How many numbers are there between 100 and 1000 which have exactly one of their digits as 7?
Asked by Topperlearning User | 4th Jun, 2014, 01:23: PM
A number between 100 and 1000 contains 3 digits. So, we have to form 3 digit numbers having exactly one of their digits as7. Such type of numbers can be divided into three types:
1) There numbers that have 7 in the unit place but not in any other place.
2) These numbers that have 7 in the ten's place but not in any other place.
3) These numbers that have 7 in the hundred's place but not in any other ways.
We shall now count these three type of numbers separately.
1) These 3-digit numbers that have 7 in the unit's place but not in any other place.
The hundred's place can have any one of the digits from 0 to 9 except 0 and 7. So hundred's place can be filled in 8 ways. The ten's place can have anyone of the digits from 0 to 9 except 7. So the number of ways the ten's place can be filled is 9. The unit's place has 7. So, it can be filled in only one way.
Thus, there are 8 x 9 x 1 = 72 numbers of the first kind.
2) Those three-digit numbers that have 7 in the ten's place but not in any other place.
The number of ways to fill the hundred's place = 8 [By any one of the digits from
The number of ways to fill the ten's place = 1 [By 7 only]

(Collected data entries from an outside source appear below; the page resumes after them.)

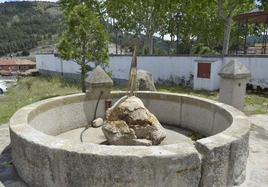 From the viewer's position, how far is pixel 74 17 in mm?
13297

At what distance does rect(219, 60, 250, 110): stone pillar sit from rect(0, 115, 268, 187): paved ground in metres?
1.01

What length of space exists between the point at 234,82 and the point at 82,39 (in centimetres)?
764

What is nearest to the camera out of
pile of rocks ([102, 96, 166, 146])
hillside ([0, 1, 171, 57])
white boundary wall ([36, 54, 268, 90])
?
pile of rocks ([102, 96, 166, 146])

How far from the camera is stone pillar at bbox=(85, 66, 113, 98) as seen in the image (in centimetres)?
786

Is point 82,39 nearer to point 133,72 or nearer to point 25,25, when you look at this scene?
point 133,72

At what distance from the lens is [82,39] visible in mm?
13398

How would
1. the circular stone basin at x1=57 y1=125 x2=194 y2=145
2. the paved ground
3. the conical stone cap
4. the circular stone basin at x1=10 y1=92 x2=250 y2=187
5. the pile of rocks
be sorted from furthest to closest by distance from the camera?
1. the conical stone cap
2. the circular stone basin at x1=57 y1=125 x2=194 y2=145
3. the pile of rocks
4. the paved ground
5. the circular stone basin at x1=10 y1=92 x2=250 y2=187

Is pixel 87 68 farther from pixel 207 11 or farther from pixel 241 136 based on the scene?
pixel 207 11

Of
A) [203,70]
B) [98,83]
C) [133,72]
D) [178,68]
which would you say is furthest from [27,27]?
[133,72]

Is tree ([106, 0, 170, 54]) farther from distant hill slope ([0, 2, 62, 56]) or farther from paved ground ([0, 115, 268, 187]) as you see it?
distant hill slope ([0, 2, 62, 56])

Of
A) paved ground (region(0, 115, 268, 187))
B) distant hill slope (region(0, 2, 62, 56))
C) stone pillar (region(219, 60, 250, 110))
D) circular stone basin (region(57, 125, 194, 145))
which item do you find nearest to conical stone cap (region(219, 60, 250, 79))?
stone pillar (region(219, 60, 250, 110))

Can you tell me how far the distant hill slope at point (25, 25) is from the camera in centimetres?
11088

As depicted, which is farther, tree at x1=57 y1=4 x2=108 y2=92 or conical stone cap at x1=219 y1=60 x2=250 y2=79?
tree at x1=57 y1=4 x2=108 y2=92

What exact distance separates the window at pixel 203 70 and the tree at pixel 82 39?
17.8ft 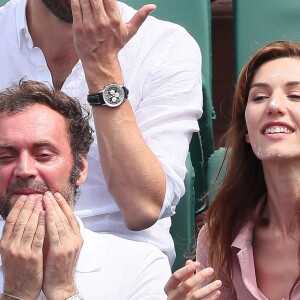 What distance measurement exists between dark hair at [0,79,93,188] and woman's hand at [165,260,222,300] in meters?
0.33

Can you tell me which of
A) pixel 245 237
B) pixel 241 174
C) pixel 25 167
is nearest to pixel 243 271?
pixel 245 237

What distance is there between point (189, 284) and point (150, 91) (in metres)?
0.65

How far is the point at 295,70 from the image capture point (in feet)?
6.03

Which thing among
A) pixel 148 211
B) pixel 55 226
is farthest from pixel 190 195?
pixel 55 226

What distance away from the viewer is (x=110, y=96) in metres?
1.87

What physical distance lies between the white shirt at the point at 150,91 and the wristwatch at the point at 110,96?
0.16 m

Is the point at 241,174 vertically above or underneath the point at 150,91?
underneath

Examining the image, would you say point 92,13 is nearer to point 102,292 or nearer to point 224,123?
point 102,292

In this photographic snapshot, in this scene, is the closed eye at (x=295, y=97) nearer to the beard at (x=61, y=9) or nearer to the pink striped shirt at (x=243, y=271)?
the pink striped shirt at (x=243, y=271)

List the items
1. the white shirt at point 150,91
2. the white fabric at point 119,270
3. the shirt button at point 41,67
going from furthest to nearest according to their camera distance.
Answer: the shirt button at point 41,67
the white shirt at point 150,91
the white fabric at point 119,270

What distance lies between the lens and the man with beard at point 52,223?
1570mm

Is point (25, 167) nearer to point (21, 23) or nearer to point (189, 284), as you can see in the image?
point (189, 284)

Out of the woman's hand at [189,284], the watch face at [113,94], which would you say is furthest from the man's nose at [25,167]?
the woman's hand at [189,284]

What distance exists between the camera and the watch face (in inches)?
73.4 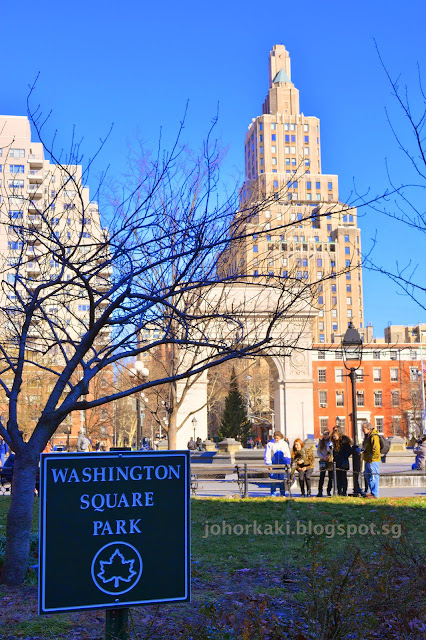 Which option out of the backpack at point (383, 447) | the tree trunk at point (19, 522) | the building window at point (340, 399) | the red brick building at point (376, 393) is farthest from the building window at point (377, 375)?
the tree trunk at point (19, 522)

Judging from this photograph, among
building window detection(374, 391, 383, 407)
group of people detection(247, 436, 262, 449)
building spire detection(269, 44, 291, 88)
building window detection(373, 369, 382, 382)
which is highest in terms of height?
building spire detection(269, 44, 291, 88)

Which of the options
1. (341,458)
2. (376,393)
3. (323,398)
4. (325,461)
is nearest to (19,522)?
(341,458)

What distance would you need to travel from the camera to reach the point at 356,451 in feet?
59.0

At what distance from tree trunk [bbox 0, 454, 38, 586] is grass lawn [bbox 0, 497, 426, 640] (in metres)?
0.17

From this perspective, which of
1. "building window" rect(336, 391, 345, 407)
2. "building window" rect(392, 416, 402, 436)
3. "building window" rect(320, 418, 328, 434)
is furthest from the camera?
"building window" rect(320, 418, 328, 434)

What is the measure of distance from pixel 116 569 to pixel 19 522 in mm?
3428

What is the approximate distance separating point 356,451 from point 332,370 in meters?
75.3

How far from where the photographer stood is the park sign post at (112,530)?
12.2 ft

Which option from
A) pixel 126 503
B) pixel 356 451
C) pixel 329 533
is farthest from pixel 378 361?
pixel 126 503

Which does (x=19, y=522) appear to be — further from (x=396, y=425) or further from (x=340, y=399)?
(x=396, y=425)

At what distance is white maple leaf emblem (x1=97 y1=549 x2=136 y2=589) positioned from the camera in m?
3.75

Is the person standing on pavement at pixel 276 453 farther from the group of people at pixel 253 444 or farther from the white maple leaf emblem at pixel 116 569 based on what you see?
the group of people at pixel 253 444

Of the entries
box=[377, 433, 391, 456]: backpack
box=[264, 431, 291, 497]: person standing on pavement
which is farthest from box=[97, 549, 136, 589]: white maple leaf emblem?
box=[264, 431, 291, 497]: person standing on pavement

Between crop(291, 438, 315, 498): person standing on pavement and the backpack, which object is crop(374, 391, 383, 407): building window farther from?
crop(291, 438, 315, 498): person standing on pavement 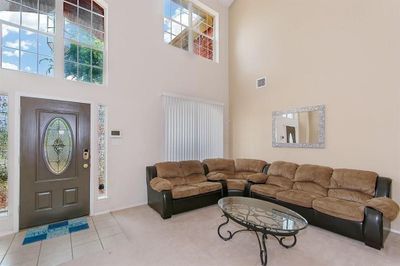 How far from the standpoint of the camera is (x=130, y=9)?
4.21 m

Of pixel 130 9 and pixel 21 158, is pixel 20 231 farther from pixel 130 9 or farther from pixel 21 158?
pixel 130 9

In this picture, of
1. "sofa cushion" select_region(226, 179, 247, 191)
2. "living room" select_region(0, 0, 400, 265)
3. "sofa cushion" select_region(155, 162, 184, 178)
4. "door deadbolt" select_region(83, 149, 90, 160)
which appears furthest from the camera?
"sofa cushion" select_region(226, 179, 247, 191)

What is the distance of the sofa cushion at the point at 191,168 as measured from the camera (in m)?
4.49

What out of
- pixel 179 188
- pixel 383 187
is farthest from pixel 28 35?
pixel 383 187

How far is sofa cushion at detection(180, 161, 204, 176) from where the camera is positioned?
177 inches

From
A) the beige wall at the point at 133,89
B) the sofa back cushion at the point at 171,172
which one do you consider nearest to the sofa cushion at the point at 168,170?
the sofa back cushion at the point at 171,172

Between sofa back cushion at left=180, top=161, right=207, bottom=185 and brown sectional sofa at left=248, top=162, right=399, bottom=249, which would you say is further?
sofa back cushion at left=180, top=161, right=207, bottom=185

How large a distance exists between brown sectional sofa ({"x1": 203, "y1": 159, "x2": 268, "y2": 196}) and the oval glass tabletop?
1142 millimetres

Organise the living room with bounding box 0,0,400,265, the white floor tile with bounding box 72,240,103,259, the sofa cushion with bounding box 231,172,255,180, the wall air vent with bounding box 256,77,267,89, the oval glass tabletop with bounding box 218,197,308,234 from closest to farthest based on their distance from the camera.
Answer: the oval glass tabletop with bounding box 218,197,308,234 < the white floor tile with bounding box 72,240,103,259 < the living room with bounding box 0,0,400,265 < the sofa cushion with bounding box 231,172,255,180 < the wall air vent with bounding box 256,77,267,89

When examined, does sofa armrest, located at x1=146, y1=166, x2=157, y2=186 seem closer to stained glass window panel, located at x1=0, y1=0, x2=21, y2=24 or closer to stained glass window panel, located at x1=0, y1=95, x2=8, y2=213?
stained glass window panel, located at x1=0, y1=95, x2=8, y2=213

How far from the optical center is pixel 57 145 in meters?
3.42

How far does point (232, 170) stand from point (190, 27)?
3.88 m

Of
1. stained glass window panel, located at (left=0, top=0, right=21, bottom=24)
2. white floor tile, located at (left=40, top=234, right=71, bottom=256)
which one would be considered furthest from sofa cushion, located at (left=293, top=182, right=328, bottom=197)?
stained glass window panel, located at (left=0, top=0, right=21, bottom=24)

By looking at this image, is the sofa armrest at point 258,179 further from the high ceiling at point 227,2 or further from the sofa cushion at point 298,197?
the high ceiling at point 227,2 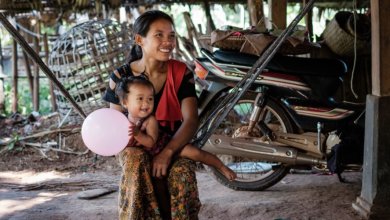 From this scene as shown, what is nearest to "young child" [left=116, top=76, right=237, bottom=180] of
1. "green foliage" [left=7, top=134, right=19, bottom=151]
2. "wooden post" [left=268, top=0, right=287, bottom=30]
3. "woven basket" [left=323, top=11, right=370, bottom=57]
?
"wooden post" [left=268, top=0, right=287, bottom=30]

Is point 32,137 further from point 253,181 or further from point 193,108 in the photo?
point 193,108

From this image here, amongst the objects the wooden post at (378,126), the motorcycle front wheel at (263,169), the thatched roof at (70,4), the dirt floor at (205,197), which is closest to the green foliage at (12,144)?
the dirt floor at (205,197)

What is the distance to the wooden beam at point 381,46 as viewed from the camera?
2.72 m

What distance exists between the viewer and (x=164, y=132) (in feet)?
7.77

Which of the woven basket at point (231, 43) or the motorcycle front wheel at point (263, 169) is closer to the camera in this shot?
the woven basket at point (231, 43)

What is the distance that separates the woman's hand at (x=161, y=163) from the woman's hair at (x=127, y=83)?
0.98 feet

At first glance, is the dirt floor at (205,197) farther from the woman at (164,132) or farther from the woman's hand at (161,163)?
the woman's hand at (161,163)

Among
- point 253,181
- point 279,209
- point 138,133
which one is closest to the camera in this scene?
point 138,133

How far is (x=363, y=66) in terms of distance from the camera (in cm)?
473

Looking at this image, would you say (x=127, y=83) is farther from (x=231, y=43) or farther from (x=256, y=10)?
(x=256, y=10)

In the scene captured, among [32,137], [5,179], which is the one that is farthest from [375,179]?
[32,137]

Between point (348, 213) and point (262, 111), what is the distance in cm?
90

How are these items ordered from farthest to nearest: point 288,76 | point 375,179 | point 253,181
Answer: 1. point 253,181
2. point 288,76
3. point 375,179

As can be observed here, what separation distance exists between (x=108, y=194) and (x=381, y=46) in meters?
2.23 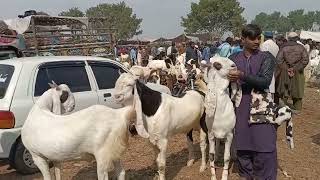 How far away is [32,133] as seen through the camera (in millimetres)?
4887

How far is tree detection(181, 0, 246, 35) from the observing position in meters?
67.5

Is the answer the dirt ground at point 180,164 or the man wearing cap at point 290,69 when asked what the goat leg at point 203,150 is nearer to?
the dirt ground at point 180,164

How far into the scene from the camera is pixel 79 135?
4.76 metres

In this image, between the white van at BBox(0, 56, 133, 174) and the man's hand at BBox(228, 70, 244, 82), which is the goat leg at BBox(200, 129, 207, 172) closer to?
the white van at BBox(0, 56, 133, 174)

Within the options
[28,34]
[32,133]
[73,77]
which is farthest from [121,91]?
[28,34]

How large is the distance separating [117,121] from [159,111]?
1.11m

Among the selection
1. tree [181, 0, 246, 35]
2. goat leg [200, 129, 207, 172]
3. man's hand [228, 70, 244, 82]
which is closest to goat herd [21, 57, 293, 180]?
man's hand [228, 70, 244, 82]

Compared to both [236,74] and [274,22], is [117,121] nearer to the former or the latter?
[236,74]

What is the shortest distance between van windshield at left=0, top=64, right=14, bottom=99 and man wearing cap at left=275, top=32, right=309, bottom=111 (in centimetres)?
549

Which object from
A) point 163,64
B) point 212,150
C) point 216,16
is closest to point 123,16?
point 216,16

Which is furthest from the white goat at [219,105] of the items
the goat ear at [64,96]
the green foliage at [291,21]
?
the green foliage at [291,21]

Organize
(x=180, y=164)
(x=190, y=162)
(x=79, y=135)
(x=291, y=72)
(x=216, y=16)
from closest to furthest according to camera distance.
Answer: (x=79, y=135), (x=190, y=162), (x=180, y=164), (x=291, y=72), (x=216, y=16)

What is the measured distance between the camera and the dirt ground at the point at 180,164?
6785 mm

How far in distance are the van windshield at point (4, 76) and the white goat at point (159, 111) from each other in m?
2.04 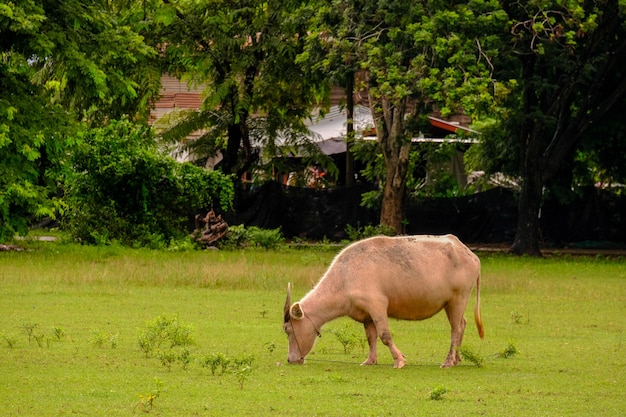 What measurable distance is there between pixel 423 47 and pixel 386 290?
17979mm

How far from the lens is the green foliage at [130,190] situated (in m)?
33.0

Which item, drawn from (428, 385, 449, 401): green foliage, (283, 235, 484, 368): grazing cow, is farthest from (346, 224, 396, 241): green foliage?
(428, 385, 449, 401): green foliage

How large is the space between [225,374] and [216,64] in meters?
25.7

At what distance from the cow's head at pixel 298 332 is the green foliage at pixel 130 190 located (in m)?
18.9

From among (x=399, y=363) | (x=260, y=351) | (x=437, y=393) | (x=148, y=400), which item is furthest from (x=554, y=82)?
(x=148, y=400)

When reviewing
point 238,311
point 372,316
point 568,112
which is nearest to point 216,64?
point 568,112

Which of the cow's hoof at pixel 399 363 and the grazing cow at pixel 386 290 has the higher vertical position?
the grazing cow at pixel 386 290

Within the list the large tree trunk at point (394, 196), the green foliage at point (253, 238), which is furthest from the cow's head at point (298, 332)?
the large tree trunk at point (394, 196)

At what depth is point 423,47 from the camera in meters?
31.0

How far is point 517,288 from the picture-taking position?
80.1 ft

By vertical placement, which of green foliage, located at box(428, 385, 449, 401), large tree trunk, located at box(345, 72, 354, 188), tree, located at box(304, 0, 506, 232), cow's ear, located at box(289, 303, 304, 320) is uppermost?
tree, located at box(304, 0, 506, 232)

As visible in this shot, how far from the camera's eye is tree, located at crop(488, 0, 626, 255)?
30.5 meters

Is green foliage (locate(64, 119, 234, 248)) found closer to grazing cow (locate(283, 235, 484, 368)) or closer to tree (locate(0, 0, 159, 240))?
tree (locate(0, 0, 159, 240))

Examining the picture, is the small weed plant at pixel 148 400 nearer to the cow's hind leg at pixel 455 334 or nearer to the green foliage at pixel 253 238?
the cow's hind leg at pixel 455 334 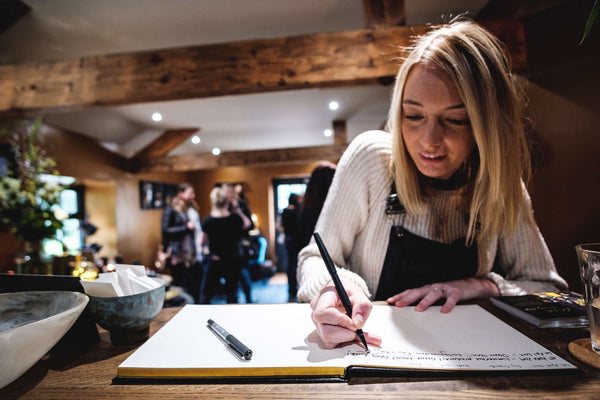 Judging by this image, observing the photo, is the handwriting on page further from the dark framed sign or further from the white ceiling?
the dark framed sign

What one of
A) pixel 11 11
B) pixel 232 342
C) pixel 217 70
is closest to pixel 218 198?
pixel 217 70

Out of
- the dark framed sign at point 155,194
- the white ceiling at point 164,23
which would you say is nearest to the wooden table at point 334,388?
the white ceiling at point 164,23

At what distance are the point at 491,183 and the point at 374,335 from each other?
60 cm

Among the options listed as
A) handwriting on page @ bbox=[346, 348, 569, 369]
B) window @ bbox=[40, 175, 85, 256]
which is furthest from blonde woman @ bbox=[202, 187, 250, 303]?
handwriting on page @ bbox=[346, 348, 569, 369]

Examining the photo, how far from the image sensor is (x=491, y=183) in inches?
34.8

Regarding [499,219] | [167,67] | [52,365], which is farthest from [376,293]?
[167,67]

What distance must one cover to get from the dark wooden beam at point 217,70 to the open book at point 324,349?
2.23 metres

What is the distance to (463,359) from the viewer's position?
50 cm

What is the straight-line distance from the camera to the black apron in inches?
37.9

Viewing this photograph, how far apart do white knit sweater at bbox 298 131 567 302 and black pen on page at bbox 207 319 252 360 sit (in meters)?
0.40

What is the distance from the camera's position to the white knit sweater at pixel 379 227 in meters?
1.00

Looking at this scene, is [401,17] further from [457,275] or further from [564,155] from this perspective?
[457,275]


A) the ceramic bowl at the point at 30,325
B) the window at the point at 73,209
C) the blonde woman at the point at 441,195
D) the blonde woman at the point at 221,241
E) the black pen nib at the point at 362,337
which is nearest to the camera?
the ceramic bowl at the point at 30,325

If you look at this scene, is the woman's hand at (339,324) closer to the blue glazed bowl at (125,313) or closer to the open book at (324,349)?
the open book at (324,349) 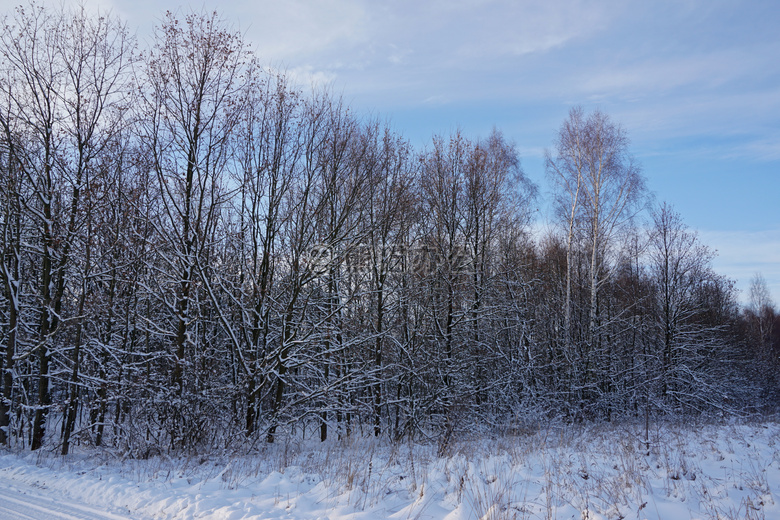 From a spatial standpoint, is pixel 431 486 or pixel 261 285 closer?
pixel 431 486

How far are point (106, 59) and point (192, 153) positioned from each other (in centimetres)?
329

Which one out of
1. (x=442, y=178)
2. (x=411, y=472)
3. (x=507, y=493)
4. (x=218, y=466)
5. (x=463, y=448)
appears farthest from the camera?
(x=442, y=178)

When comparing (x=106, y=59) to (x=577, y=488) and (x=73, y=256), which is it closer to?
(x=73, y=256)

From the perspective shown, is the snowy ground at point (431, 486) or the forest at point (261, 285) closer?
the snowy ground at point (431, 486)

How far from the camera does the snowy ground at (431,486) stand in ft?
14.3

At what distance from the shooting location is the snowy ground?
4.36m

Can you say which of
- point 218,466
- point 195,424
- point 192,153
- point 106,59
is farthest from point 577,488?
point 106,59

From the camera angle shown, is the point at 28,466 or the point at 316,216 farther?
the point at 316,216

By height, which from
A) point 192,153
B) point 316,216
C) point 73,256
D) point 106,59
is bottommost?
point 73,256

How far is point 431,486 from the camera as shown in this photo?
16.7ft

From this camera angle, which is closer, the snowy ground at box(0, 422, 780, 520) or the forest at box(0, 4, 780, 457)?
the snowy ground at box(0, 422, 780, 520)

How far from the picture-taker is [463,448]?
25.5ft

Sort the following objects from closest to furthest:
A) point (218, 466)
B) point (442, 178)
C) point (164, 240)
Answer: point (218, 466), point (164, 240), point (442, 178)

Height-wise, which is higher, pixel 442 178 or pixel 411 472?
pixel 442 178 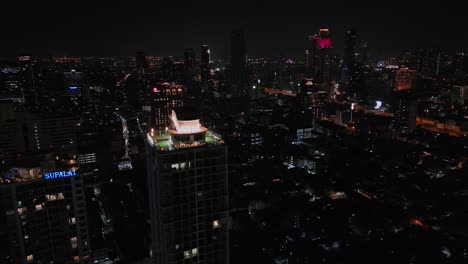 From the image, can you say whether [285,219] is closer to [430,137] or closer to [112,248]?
[112,248]

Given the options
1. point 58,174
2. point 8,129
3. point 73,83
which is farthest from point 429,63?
point 58,174

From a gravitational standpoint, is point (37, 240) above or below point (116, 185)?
above

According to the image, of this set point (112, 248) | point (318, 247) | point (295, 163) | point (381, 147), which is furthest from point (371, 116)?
point (112, 248)

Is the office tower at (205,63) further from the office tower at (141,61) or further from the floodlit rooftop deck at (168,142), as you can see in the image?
the floodlit rooftop deck at (168,142)

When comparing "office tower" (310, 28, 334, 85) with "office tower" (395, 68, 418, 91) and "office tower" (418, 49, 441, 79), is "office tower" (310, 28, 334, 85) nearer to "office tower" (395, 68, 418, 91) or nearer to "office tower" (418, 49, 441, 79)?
"office tower" (395, 68, 418, 91)

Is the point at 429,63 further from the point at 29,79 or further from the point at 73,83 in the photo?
the point at 29,79

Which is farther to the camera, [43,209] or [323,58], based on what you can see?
[323,58] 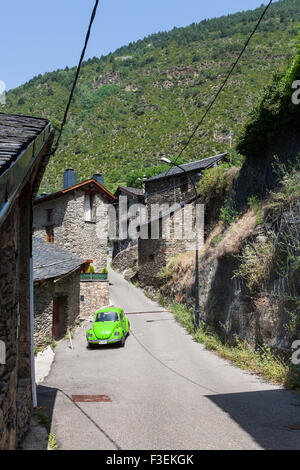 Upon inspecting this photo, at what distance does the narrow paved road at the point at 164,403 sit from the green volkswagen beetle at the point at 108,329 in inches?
17.1

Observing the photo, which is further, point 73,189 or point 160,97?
point 160,97

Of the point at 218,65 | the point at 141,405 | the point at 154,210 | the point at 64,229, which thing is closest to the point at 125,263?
the point at 154,210

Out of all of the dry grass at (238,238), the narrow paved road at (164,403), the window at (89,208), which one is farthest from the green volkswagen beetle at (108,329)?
the window at (89,208)

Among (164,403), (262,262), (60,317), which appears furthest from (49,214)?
(164,403)

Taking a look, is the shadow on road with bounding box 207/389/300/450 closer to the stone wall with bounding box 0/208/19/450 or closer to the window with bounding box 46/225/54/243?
the stone wall with bounding box 0/208/19/450

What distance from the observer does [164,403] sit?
7.82 meters

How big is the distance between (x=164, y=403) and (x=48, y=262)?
33.1 ft

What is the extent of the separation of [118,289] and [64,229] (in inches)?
272

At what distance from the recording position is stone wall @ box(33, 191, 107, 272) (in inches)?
1032

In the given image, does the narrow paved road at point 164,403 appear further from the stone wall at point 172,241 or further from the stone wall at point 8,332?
the stone wall at point 172,241

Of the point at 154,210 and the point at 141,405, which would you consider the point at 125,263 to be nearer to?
the point at 154,210

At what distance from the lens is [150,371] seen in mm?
10992

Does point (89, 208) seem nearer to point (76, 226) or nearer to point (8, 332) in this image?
point (76, 226)

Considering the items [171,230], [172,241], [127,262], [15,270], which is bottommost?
[127,262] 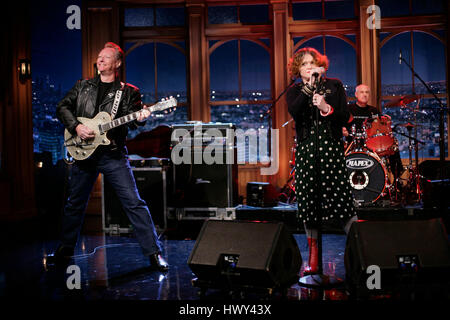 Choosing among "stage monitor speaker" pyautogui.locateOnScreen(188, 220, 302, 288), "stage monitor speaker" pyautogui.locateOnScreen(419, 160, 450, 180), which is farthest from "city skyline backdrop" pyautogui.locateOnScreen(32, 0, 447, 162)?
"stage monitor speaker" pyautogui.locateOnScreen(188, 220, 302, 288)

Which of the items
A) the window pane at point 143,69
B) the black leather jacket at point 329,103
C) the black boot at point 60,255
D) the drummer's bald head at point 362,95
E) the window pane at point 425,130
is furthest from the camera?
the window pane at point 143,69

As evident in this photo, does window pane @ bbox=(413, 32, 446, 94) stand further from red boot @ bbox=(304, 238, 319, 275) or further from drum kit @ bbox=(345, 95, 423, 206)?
red boot @ bbox=(304, 238, 319, 275)

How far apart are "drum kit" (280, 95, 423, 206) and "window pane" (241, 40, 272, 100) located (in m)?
1.89

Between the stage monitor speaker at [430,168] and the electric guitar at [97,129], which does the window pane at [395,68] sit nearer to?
the stage monitor speaker at [430,168]

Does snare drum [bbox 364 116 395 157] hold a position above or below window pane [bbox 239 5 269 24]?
below

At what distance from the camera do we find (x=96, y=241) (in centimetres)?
504

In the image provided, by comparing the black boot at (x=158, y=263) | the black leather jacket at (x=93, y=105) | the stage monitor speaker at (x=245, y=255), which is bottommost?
the black boot at (x=158, y=263)

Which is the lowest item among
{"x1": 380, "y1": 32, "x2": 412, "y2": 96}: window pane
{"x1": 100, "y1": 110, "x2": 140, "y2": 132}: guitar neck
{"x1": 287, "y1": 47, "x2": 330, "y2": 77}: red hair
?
{"x1": 100, "y1": 110, "x2": 140, "y2": 132}: guitar neck

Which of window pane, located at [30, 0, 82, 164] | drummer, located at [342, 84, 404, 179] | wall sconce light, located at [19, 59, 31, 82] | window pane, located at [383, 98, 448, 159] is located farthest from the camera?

The number of ways to fill the one's place = 9 [By any one of the digits 0,1,2,3,4,5,
Thus, these are 8 x 1 x 9 = 72 numbers of the second kind.
3) These three digit numbers that have 7 in the hundred's place but not at any other place.
In this case, the hundred's place can be filled only in one way and each of the ten's and one's place can be filled in 9 ways.
So, there are 1 x 9 x 9 = 81 numbers of the third kind.
Hence, the total number of required type of numbers = 72 + 72 + 81 = 225.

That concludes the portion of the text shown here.